Kilku lekarzy stwierdziło, że po prostu nie mogli zrozumieć, jak pacjenci bez wiedzy medycznej mogą tak szczegółowo i poprawnie opisać procedurę resuscytacji, podczas gdy lekarze prowadzący resuscytację wiedzieli na pewno, że pacjenci nie żyją.
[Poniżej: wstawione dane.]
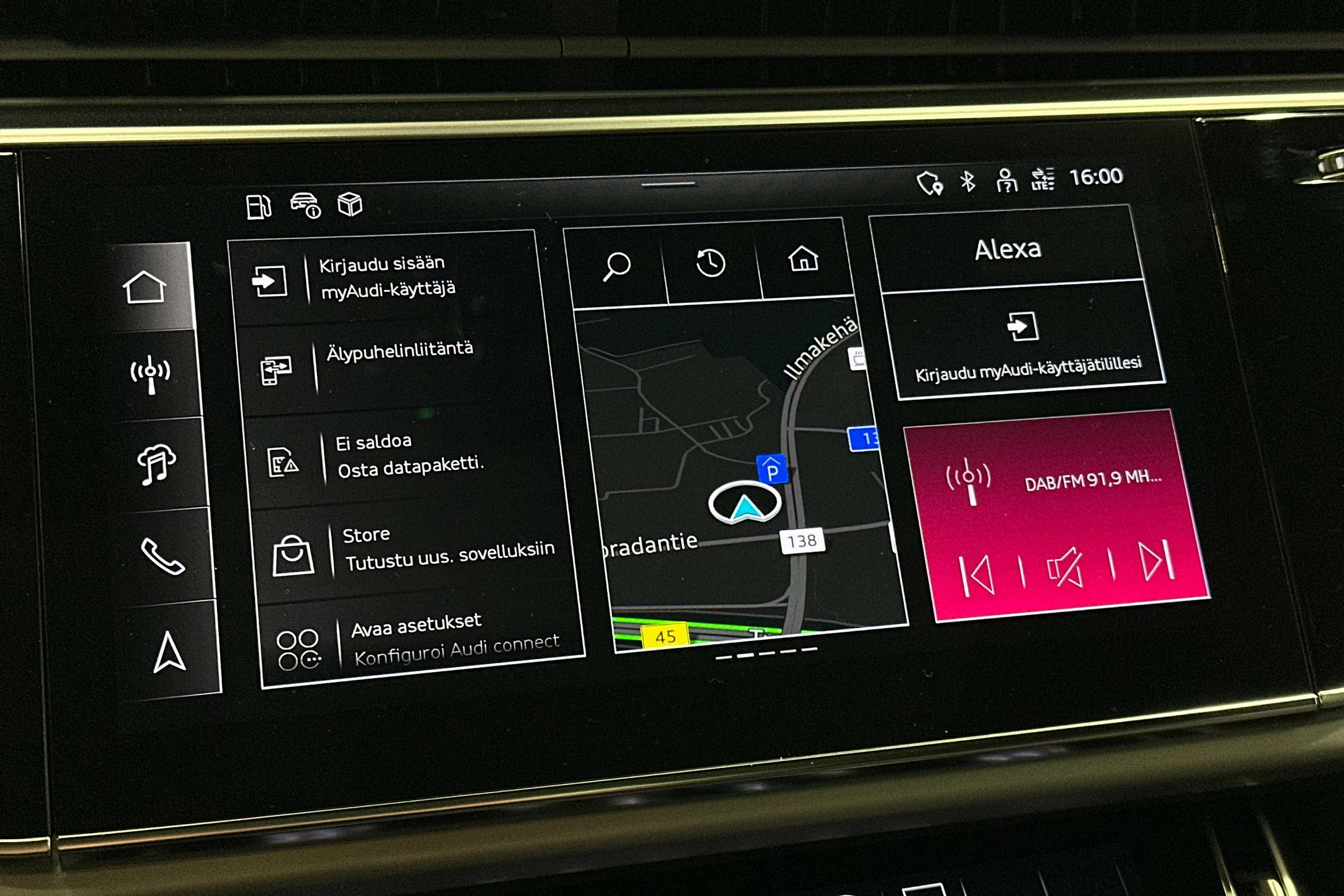 sininen Audi Q7 2025 kuva 25.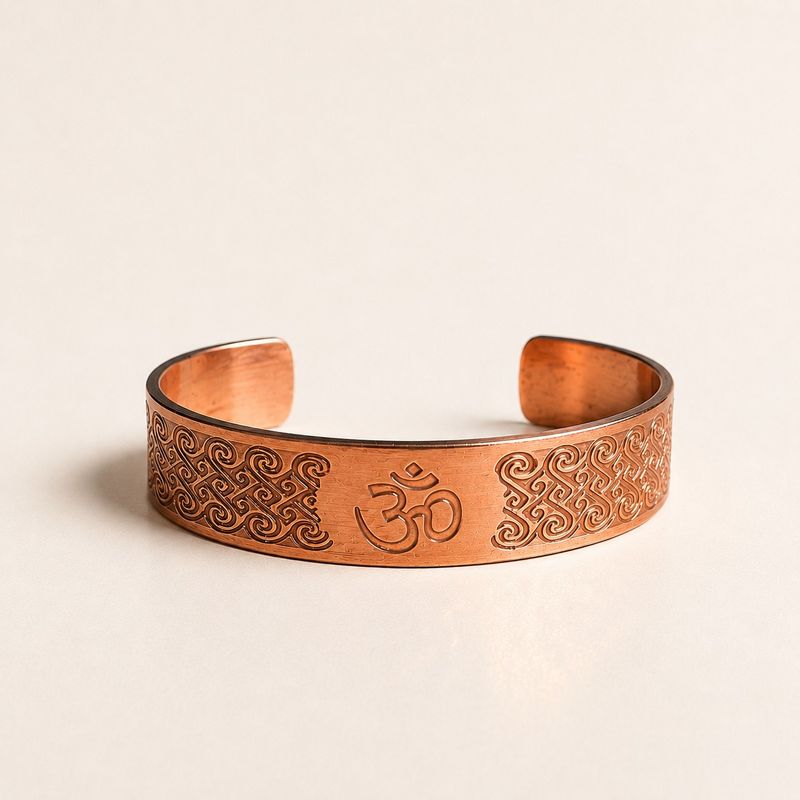 Pulseras de cobre macizo con grabados de afirmaciones (varias)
Kilkakrotnie pacjenci opisywali zdumienie, z jakim lekarze i inne osoby witały ich historie o tym, co się wokół nich działo, gdy byli „martwi”.

Na przykład jedna dziewczyna powiedziała, że kiedy była martwa i poza swoim ciałem, poszła do innego pokoju, gdzie zobaczyła swoją starszą siostrę płaczącą i szepczącą: „Och, Katie, proszę, nie umieraj!”. Później jej siostra była niezwykle zaskoczona, kiedy Katie powiedziała jej, gdzie ją widziała i co wtedy (siostra) mówiła.